The accounts published within months of the disaster read like reports from a battle. The minister escaped unharmed, but his wife was found with her ruff and the linen next to her skin burned through, her body burnt in what one chronicler called a very pitiful manner. A local warrener named Robert Mead was thrown so violently that his head struck a pillar and left an indentation in the stone; he did not survive. Master Hill, described as a gentleman of good account in the parish, was hurled against a wall and died that night, while his son, sitting beside him, walked away untouched. Some of the dead and burned showed the strange signature that has haunted lightning lore ever since: scorched flesh beneath unscorched clothing. A dog ran out of the church door, was caught up as if by a small tornado, and fell dead in the yard. The village schoolmaster, Roger Hill, who was Master Hill's brother, recorded the catastrophe in a rhyming testament still displayed on boards inside the rebuilt church. The originals were replaced in 1786, but the words carry forward.
Seventeenth-century Dartmoor did not need scientific explanations for what science could not yet name. Within days, a legend had taken hold across the parish, and it has never quite let go. The story said that the storm was no storm at all. The devil himself had come to Widecombe to collect on a bargain. A local gambler named Jan Reynolds (or Bobby Read, in the version told at the Tavistock Inn) had pledged his soul on a condition: if the devil ever found him asleep in church, Jan was lost. That Sunday afternoon, Jan was said to have dozed off in his pew with his pack of cards still clutched in his hand. The devil rode to claim him. He stopped first at the Tavistock Inn in nearby Poundsgate to ask directions. The landlady served a stranger in black with cloven feet, mounted on a jet-black horse. He ordered ale, and it hissed as it went down. He left coins on the bar that, after he rode away, turned to dried leaves. The mug bore a scorch mark for years.
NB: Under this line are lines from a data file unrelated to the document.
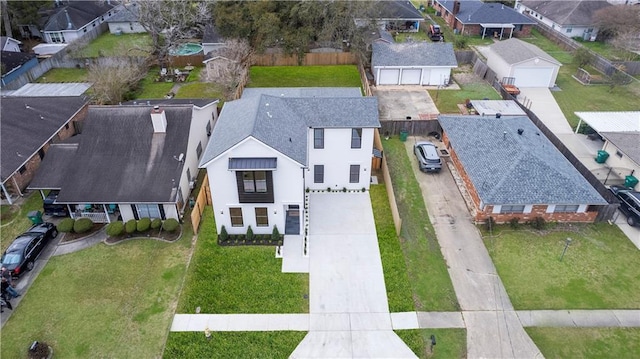 birds eye view of property with a residential view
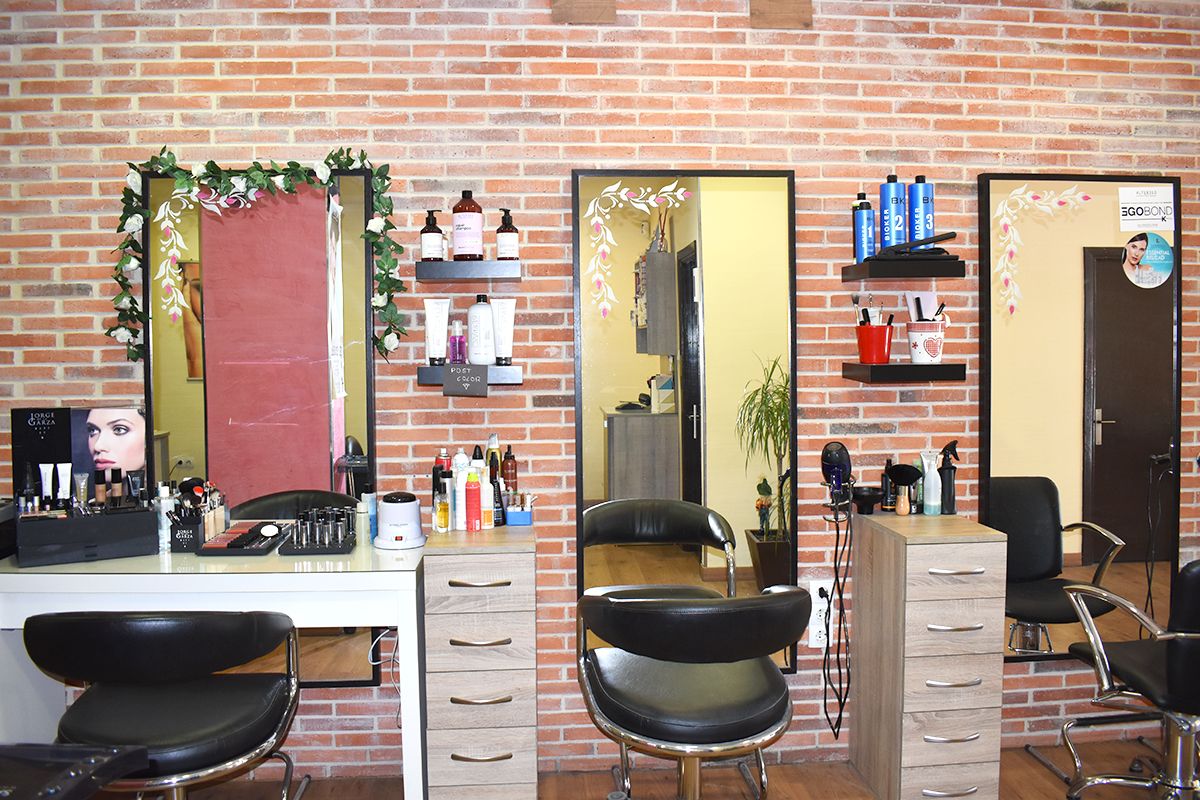 Foto frontal de los tres tocadores de la peluquería. Uno de ellos con los productos de maquillaje y los otros dos con los de peluquería.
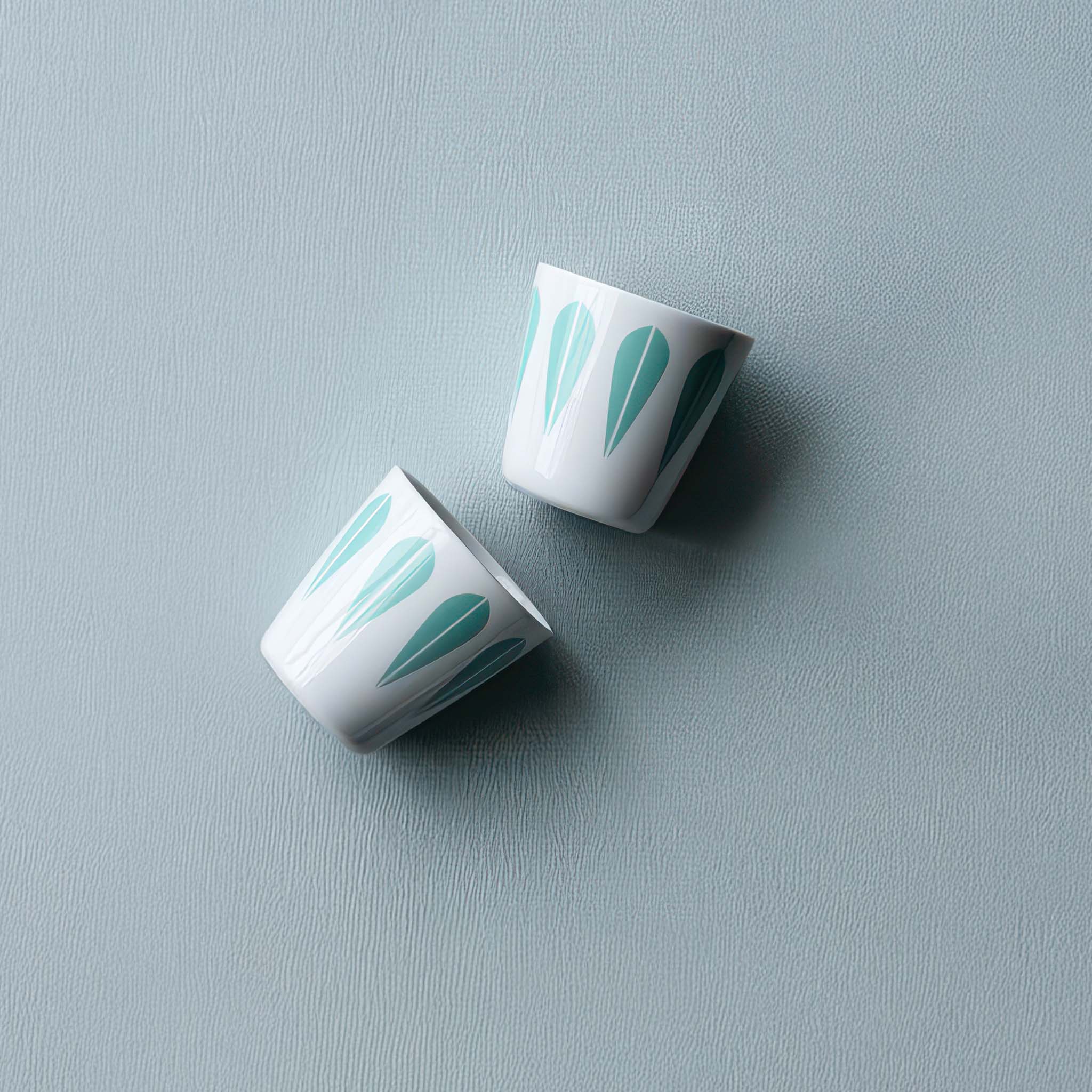 Image of two Arne Clausen Lotus cup in mint green on a baby blue background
The legend continues, as such legends do, with a flight across the sky. The devil tethered his horse to one of the pinnacles of Widecombe Church, seized the sleeping Jan, and rode away into the storm. As they passed over Birch Tor, the four aces from Jan's pack tumbled from his hand and fell to the moor. They are still there, the storytellers insist. If you walk to the Warren House Inn and look out across the heather, you can see four ancient field enclosures cut into the slope of Birch Tor, each shaped, with a little imagination, like a card from a deck. Hearts. Diamonds. Spades. Clubs. The enclosures predate any cartography that could confirm the tale, and that is part of why the tale survives. Dartmoor keeps its old explanations alongside the new ones, and the rhyming boards in the church remember the four real parishioners who died that day, even as the moor outside remembers four imaginary aces.
Widecombe-in-the-Moor sits in a green basin ringed by tors, a village that gave its name to the folk song every English schoolchild has heard at some point in their life. The church of St Pancras still stands, its 120-foot tower visible for miles across the moor, which is why it earned the nickname the Cathedral of the Moor. The damage from 1638 was repaired over the following years, the boards installed, the prayers continued. What happened on that October afternoon was eventually understood by meteorologists as a probable case of ball lightning, the rare, glowing plasma phenomenon that still resists complete scientific explanation. The villagers who saw it had no such vocabulary. They knew what they had witnessed, and they wrote it down honestly, with names and details, in the language available to them. Four hundred years later, the church doors are open to anyone who wants to read those names.
Widecombe-in-the-Moor sits at 50.577N, 3.811W on the eastern flank of Dartmoor in Devon. Cruise the area at 3,000 to 5,000 feet for the best look at the church tower of St Pancras rising from its green basin, with the open heather and tors of Dartmoor stretching to the south and west. Exeter Airport (EGTE) lies about 15 nautical miles to the northeast and makes the natural arrival point. Plymouth City Airport (EGHD) lies further south. Watch for the granite tors of Haytor and Hound Tor to the south-east and Birch Tor, with its ace-shaped enclosures, to the north.